The design of the Grenadier, which after a relatively quick three-year gestation period had been revealed by Ineos a few weeks ago, has been engineered with the help of Magna Steyr in Austria and is now undergoing testing in real-world conditions. The project itself was conceived by Ratcliffe in a London pub called Grenadier three years ago, with the aim to build a rugged Defender-style SUV and pickup duo to replace the departing Land Rover Defender.
"The brief was simple. We set out to design a modern, functional and highly capable 4x4 vehicle with utility at its core," said Toby Ecuyer, head of design. "A design that is 'easy-to-read,' with no ambiguity about the Grenadier's role in life. There to do everything you need, and nothing you don't. Nothing is for show. Modern engineering and production techniques ensure the Grenadier is highly capable, but we have been able to stay true to the essence of creating a utilitarian vehicle that will stand the test of time."
The decision is certainly a disappointing one for JaguarLand Rover, but we can also appreciate the court's view that granting a trademark to Land Rover for several design elements, some of them common to a number of past and present models produced by other automakers, may have been too sweeping a move, despite the fact that its shape has been trademarked in a number of countries.

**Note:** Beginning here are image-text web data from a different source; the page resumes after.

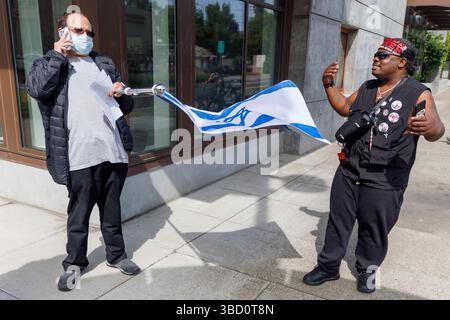 Portland, USA. Mai 2025. Ein Demonstrant konfrontiert einen Mann, der eine israelische Flagge hält. Etwa 75 Menschen demonstrierten am 21. Mai 2025 im ICE-Hauptquartier (Immigration and Customs Enforcement) in Portland, Oregon, um gegen die Massendeportationen des Trump-Regimes zu protestieren. (Foto: John Rudoff/SIPA USA) Credit: SIPA USA/Alamy Live News Stockfoto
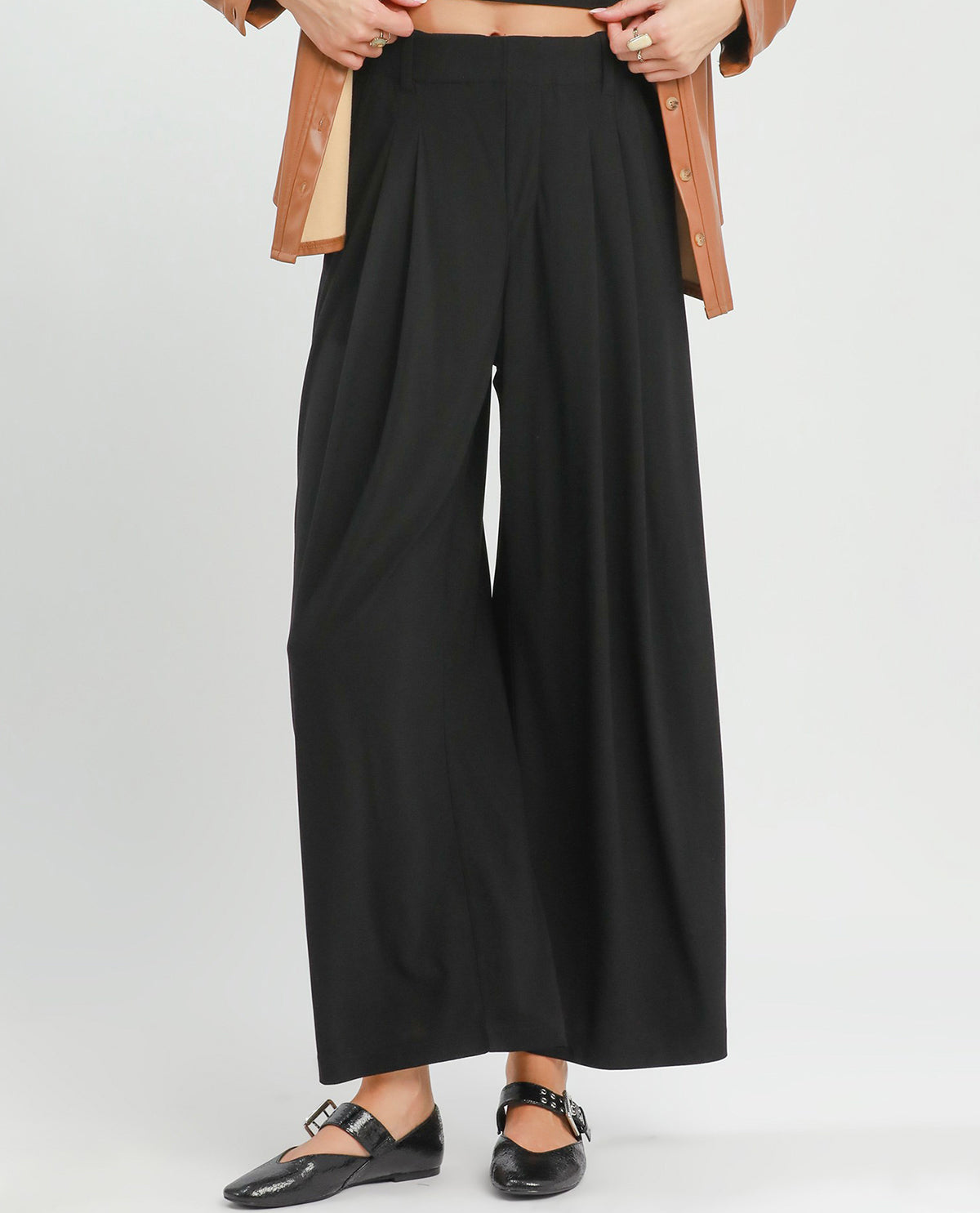 Black wide-leg pants worn by a person on a white background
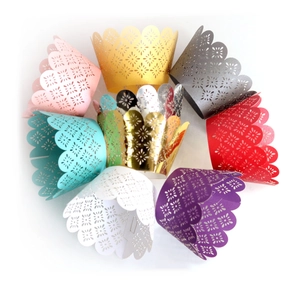 Laser cut floral cupcake liners set in vibrant multi-colors for festive party decor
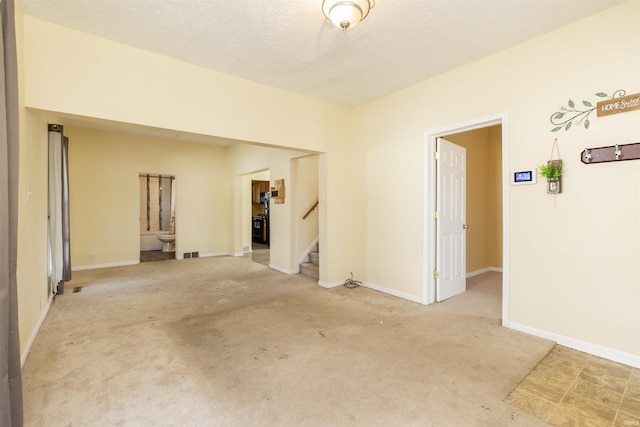 carpeted empty room featuring stairs, baseboards, visible vents, and a textured ceiling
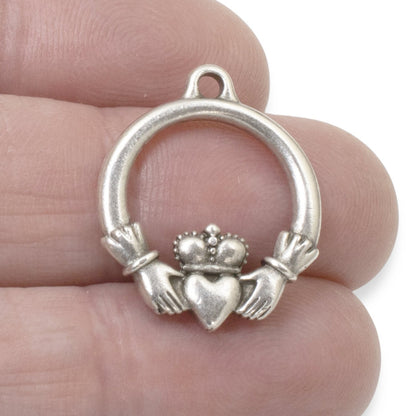 Hackberry Creek antique silver Claddagh pendant charm, crafted from pewter with .999 fine silver plating. Features hands holding a heart topped with a crown.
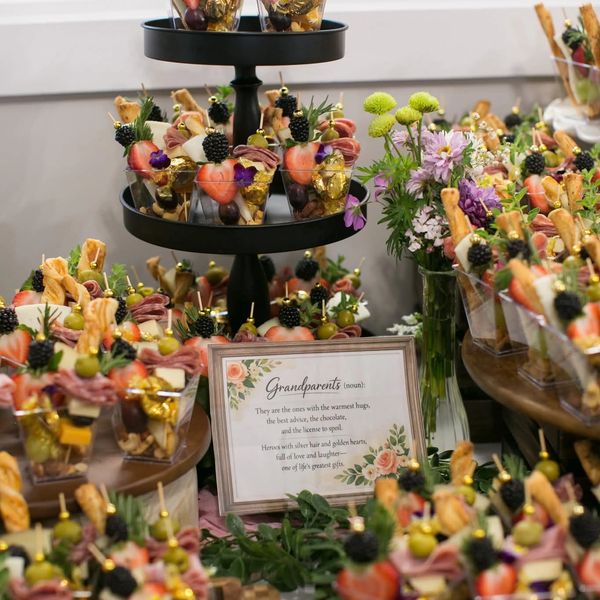 Elegant parfaits with fruits and flowers, celebrating grandparents.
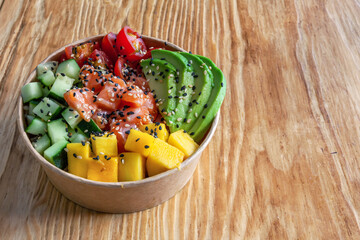 Takeaway poke bowl with fresh salmon, avocado, mango and vegetables in recycled kraft paper...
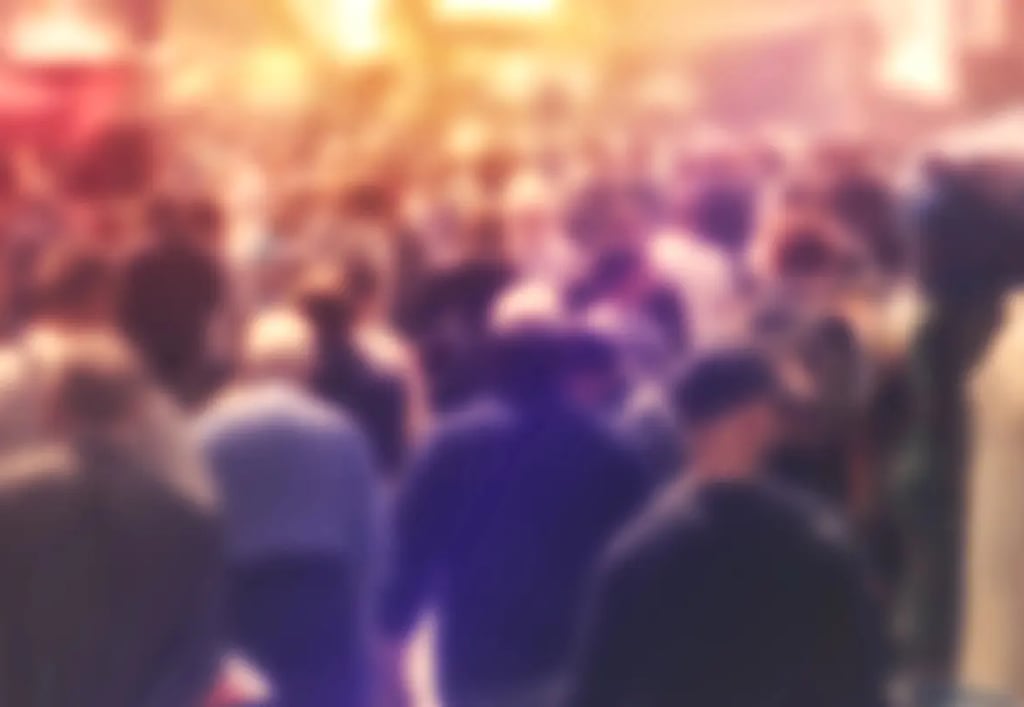 An very diffuse image with a crowd of people walking on a city street.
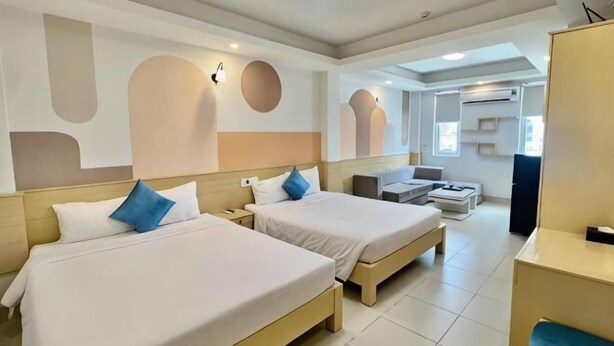 A hotel room with two beds, a sofa, a TV, and a desk. - Sea Charm Hotel (Da Nang)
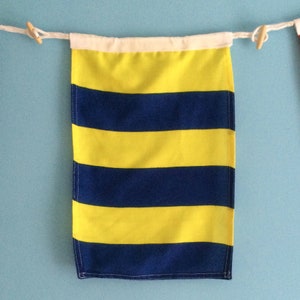May include: A yellow and blue striped nautical signal flag. The flag is made of fabric and has a white header.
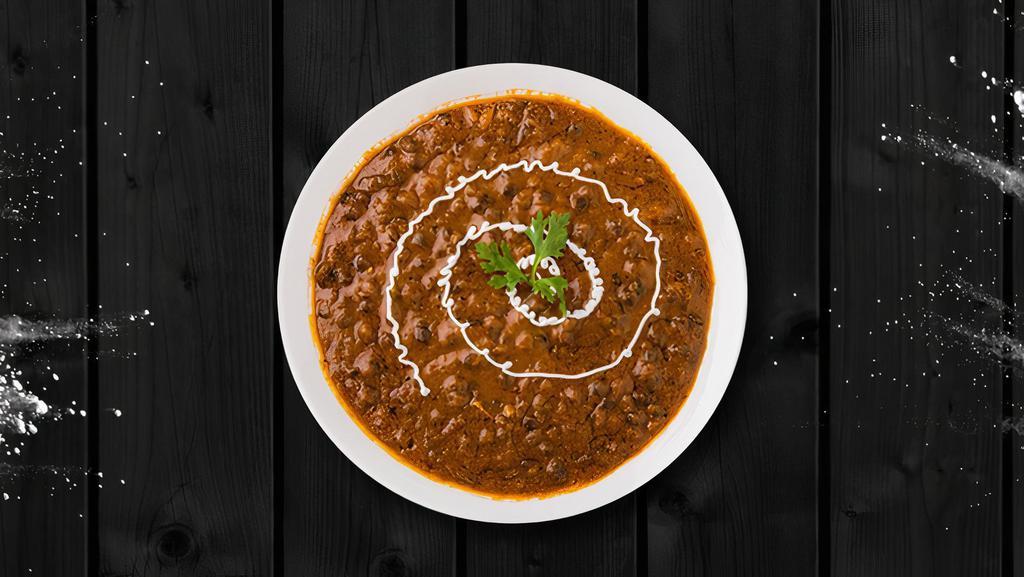 Creamy Black Lentils · Black lentils slow cooked till tender and tempered with Indian spices and finished with fresh cream.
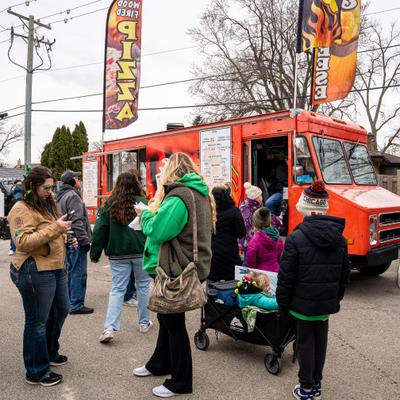 Food truck on parking lot, customer's in front.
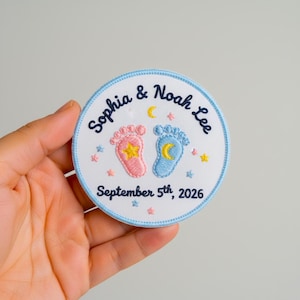 May include: Embroidered patch with a light blue border, featuring the names "Sophia & Noah Lee" and the date "September 5th, 2026." The design includes pink and blue baby footprints, a star, and a crescent moon.
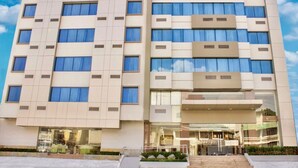 A modern hotel with a symmetrical facade, large windows, and a central entrance with a glass canopy. - Hotel Marcelius (Guayaquil)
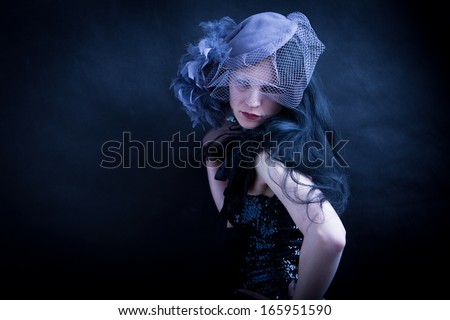 cold fashionable young widow - woman with feathered hat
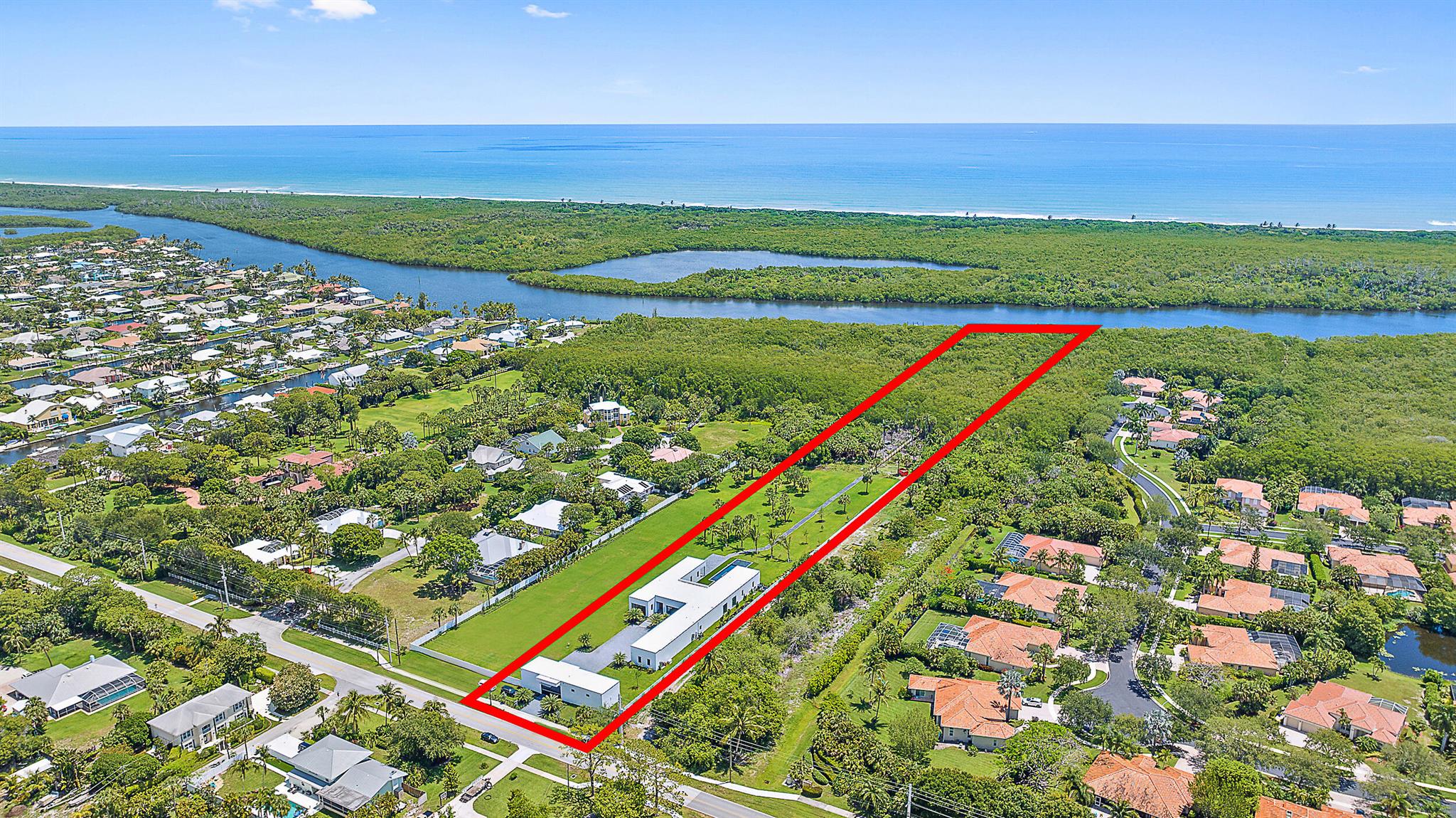 Built in 2022 on over 4 acres, this exceptional property is a dream for car collectors and boaters alike, offering 8 garages (with room for lifts) and direct Intracoastal access. Sleek lines and floor-to-ceiling windows showcase the estate's expansive grounds and resort-style pool. The main house features, eye catching design, a media room/theater, office/exercise room, and other amenities making it perfect for hosting or working from home. The detached guest house offers a full bath, kitchen, and laundry. The vacant lot is potentially available for purchase upon inquiry. The luxurious owner's retreat includes wood floors, a cozy fireplace, a marble bath with dual sinks and water closets, and a walk-in boutique-style closet. The state-of-the-art kitchen is equipped with dual wall ovens, a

The Grenadier, for what it's worth, also arguably features elements of the Mercedes-Benz G-Class, albeit a little more distantly, and the G-Class itself, which has been on sale for decades, also bore a number of similarities to the Series Land Rovers and the Defender. However, it's worth noting that Mercedes did not engage Ineos in U.K. courts or elsewhere to protect design elements of the old G-Class that the Grenadier also arguably features.
Of course, trademark law is specific to individual national jurisdictions, so a decision by a U.K. court does not revoke related trademarks in the U.S. or other countries, but it does clear the way for Ineos to market the Grenadier in the U.K., at the very least.
Compare this result with the Jeep and Mahindra litigation over the appearance of the Roxor, which took place in the U.S. following the introduction of the Jeep-inspired Roxor here, if not for actual road use. Mahindra changed the front fascia of the Roxor in early 2020 to differentiate the model from Jeep designs, after a number of court victories by Jeep.
A bigger question for us is why Ineos chose to style the Grenadier so close to the Defender, featuring the famous indented sill line surfacing just above the door handles, the front fender curve and roof profile? Ineos' effort could still have offered an SUV that was close to the Defender in spirit, but one that featured its own unique exterior styling. Instead, it does not really do that, and arguably features a number of design elements associated specifically with Land Rover.
Perhaps that's the biggest missed opportunity here: The Grenadier could have created its own design language rather than following the Defender too closely. The design didn't have to be absolutely modern, like that of the BMW X7 or something similarly sized, but it still could have appeared vintage without looking like a Defender from a hundred yards away. It could still have been boxy without inviting comparisons to the Defender or the G-Class.
To us, this litigation appears to have been very avoidable, especially given the fact that Ineos may have to face Land Rover in a number of countries where Defender design has also been trademarked.
Speaking of BMW, the Grenadier is expected to offer BMW engines if and when it goes into production in 2021, but it won't be a tiny, cottage industry-style effort: Ineos plans to build 25,000 units a year. But just where it will do so is still an open question, as a number of factory sites around Europe have been rumored in recent months. Whether the Grenadier will be offered in the U.S. remains to be seen — Ineos needs a dealer or store network of some kind — and could likely face Land Rover again, this time in U.S. courts.